Assigning undesirable shifts is an example of retaliation. You may be retaliated against if your supervisor assigns you a shift that is too early or late in the day, causes you to get sick, or makes it impossible for you to attend important events on time. 

The best way to avoid this type of situation is by communicating with your manager about how often they ask for feedback from their employees about their schedules and how much control they should have over those schedules—and then following up with them directly if needed!

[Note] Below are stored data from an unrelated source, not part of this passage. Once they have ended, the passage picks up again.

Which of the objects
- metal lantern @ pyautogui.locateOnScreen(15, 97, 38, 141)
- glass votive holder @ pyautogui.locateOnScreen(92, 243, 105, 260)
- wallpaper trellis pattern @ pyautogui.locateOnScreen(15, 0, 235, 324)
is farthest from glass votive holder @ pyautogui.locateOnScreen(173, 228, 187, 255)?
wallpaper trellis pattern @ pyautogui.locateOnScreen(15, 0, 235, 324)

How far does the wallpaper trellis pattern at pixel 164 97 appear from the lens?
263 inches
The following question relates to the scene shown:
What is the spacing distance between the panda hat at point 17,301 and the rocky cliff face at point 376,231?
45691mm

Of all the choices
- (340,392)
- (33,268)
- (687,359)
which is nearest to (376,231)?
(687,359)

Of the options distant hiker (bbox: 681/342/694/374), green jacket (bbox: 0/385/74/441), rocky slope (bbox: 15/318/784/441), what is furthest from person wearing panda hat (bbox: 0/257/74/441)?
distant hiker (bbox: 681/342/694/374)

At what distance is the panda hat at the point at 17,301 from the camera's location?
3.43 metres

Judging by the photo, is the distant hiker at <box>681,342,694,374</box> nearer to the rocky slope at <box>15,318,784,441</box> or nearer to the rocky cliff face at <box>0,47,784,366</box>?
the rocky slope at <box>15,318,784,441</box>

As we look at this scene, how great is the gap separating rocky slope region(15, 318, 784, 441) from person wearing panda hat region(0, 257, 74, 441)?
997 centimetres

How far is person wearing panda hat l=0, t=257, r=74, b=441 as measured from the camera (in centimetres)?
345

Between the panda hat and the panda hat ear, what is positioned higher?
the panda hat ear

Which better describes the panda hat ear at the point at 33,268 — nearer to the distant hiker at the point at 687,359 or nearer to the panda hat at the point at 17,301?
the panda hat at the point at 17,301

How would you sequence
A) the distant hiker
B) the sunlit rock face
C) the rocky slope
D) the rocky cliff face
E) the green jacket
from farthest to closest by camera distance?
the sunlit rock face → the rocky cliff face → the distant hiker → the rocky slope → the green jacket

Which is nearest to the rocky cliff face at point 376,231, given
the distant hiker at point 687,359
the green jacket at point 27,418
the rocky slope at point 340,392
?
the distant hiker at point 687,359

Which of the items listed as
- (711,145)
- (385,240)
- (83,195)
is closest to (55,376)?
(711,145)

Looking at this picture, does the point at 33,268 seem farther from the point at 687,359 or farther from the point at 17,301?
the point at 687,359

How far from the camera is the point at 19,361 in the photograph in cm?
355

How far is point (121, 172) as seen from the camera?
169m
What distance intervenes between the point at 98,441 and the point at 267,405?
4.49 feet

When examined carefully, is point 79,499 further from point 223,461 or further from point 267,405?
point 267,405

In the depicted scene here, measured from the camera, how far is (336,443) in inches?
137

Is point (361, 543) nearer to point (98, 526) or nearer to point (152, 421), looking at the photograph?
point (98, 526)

All These Scenarios Violate the Law

Retaliation is illegal in all circumstances, and the following examples are just a few ways that employers can retaliate against employees:

  • An employer demotes or fires an employee for reporting discrimination.
  • An employer makes it difficult for an employee to advance in the company, such as by creating an unfavorable work environment or making unreasonable demands on them.
  • An employer takes away the opportunity for promotion or raises because of a complaint filed against you by another employee or management team member (even if your complaint was baseless). 

If you think you have been the victim of retaliation in the workplace, it is important to see an Employment Law Attorney for legal advice, right away. Let the Marcarian Law Firm help you today.


Saturday, July 23, 2022

California Nurse Professional Licensing Guide – MarcarianLawFirm

The best way to avoid professional license trouble is to understand the law and practice ethics. Your nursing license is your livelihood as well as your right to practice. If you're a nurse, it's crucial to be aware of the laws governing your profession.

As a nurse, you should know the laws and ethical standards governing your profession.

  • Understand where to find information about professional licensing. You can usually find this information on your state's department of nursing or hospital's website.
  • Know what consequences could result from violating these laws and ethical standards. For example, if you violate an acceptable standard of care for patient care, it may be grounds for disciplinary action. The same goes for violating other state or federal laws governing professional conduct such as drug trafficking or theft from patients' personal possessions—even if those actions weren't intended by you!
  • Keep up-to-date on changes in regulations that affect nurses because they might have implications for future practice decisions. Be familiar with resources available within your facility so that when something goes wrong during patient care at home or workplace.

Contact the Employee Rights Attorney about your case today

Your nursing license is your livelihood as well as your right to practice. Your nursing license is what allows you to practice nursing in a state, county, or municipality. In order for you to get a nursing license, there are several requirements that must be met before receiving one:

  • You must have completed at least an associate degree from an accredited college or university.
  • You must have passed all required examinations within the last six months prior to applying for your new license.
  • You will need letters from previous employers stating that they have no objections about their employees working with children who are under 18 years old or pregnant women who may deliver babies during their employment timeframes.

Pharmacist Attorney California

The best way to do this is by researching the law yourself and learning how to avoid violating it. In addition, if you are aware of a violation of a professional license law by another nurse, it's important for everyone involved in that situation—the patient, nursing staff members, and others who may be affected by the outcome—to report their concerns as soon as possible so that they can be addressed appropriately.

To be a nurse, it's essential to understand your rights and responsibilities. You can't practice without a license and if you're not careful, it could cost you dearly. The first step knows what laws govern nurses in this state so that they can act properly as professionals.

Top Medical Malpractice Attorneys

If you or someone you know has been seriously injured by the negligence of another person, or if you are facing employment law or pharmacy law issues, you need to speak to Attoneys for Pharmacists in California today. At the Marcarian Law Firm, we are ready to investigate your case today.